[Collected data]
'''
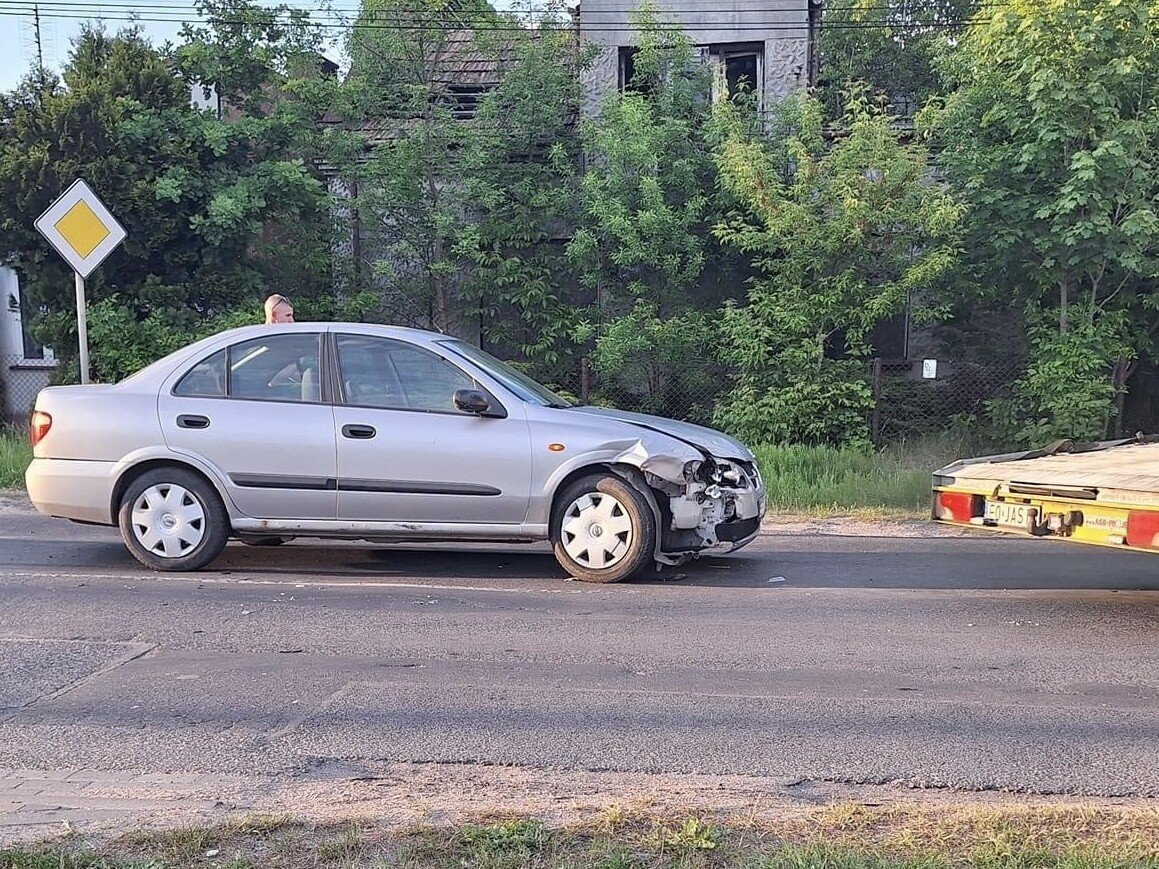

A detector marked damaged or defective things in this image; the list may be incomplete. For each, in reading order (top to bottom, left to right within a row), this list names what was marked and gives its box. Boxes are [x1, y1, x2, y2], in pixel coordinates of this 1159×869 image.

damaged front end of car [639, 456, 764, 565]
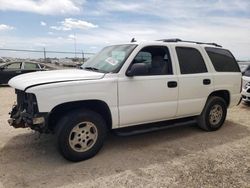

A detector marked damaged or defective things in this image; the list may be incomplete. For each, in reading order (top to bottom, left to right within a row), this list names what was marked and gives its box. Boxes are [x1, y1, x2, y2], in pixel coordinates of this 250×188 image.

damaged front end [8, 90, 48, 133]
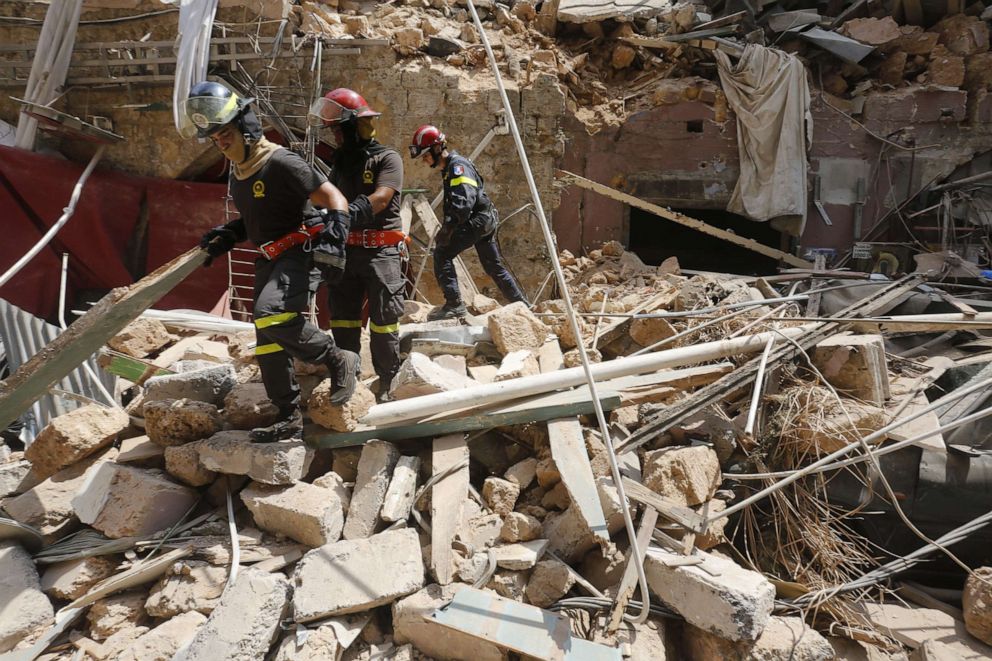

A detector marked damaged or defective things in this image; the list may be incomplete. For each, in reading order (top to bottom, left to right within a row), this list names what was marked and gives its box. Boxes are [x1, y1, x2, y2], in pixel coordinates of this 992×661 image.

broken concrete block [4, 446, 118, 532]
broken concrete block [24, 404, 129, 476]
broken concrete block [72, 462, 199, 540]
broken concrete block [107, 318, 173, 358]
broken concrete block [143, 398, 223, 448]
broken concrete block [142, 360, 235, 408]
broken concrete block [165, 440, 217, 488]
broken concrete block [219, 378, 278, 430]
broken concrete block [198, 428, 314, 484]
broken concrete block [241, 480, 344, 548]
broken concrete block [308, 378, 378, 430]
broken concrete block [342, 440, 402, 540]
broken concrete block [380, 454, 418, 520]
broken concrete block [390, 354, 478, 400]
broken concrete block [484, 476, 524, 520]
broken concrete block [492, 348, 540, 378]
broken concrete block [486, 302, 552, 358]
broken concrete block [508, 456, 540, 488]
broken concrete block [504, 510, 544, 540]
broken concrete block [644, 446, 720, 508]
broken concrete block [812, 332, 892, 404]
broken concrete block [0, 540, 54, 648]
broken concrete block [39, 556, 117, 600]
broken concrete block [87, 588, 149, 640]
broken concrete block [116, 608, 207, 660]
broken concrete block [144, 560, 228, 616]
broken concrete block [177, 568, 288, 660]
broken concrete block [290, 524, 422, 620]
broken concrete block [392, 584, 508, 660]
broken concrete block [494, 540, 552, 568]
broken concrete block [524, 560, 576, 604]
broken concrete block [644, 548, 776, 640]
broken concrete block [684, 616, 832, 656]
broken concrete block [960, 568, 992, 644]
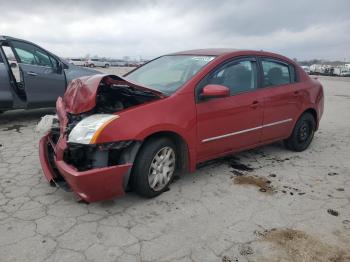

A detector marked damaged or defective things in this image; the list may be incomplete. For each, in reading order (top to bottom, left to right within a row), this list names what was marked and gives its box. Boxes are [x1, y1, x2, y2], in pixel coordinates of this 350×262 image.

crumpled hood [63, 74, 164, 114]
damaged bumper [38, 134, 133, 202]
broken headlight [67, 113, 119, 144]
damaged front end [38, 74, 163, 202]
'''
Exercise requirements = Please return, exactly as written, the line containing "this 350×262 image." and every line after it through the end of the records above, and nothing else.

Answer space =
A detector marked damaged or defective things in this image; the list may be incomplete. For each, in reading order (top to bottom, left to right within a row), this list names what was marked and gives its box. Boxes are [x1, y1, x2, y2], in pixel coordinates of this 350×262 image.

crumpled hood [63, 74, 164, 114]
damaged bumper [38, 134, 133, 202]
broken headlight [67, 113, 119, 144]
damaged front end [38, 74, 163, 202]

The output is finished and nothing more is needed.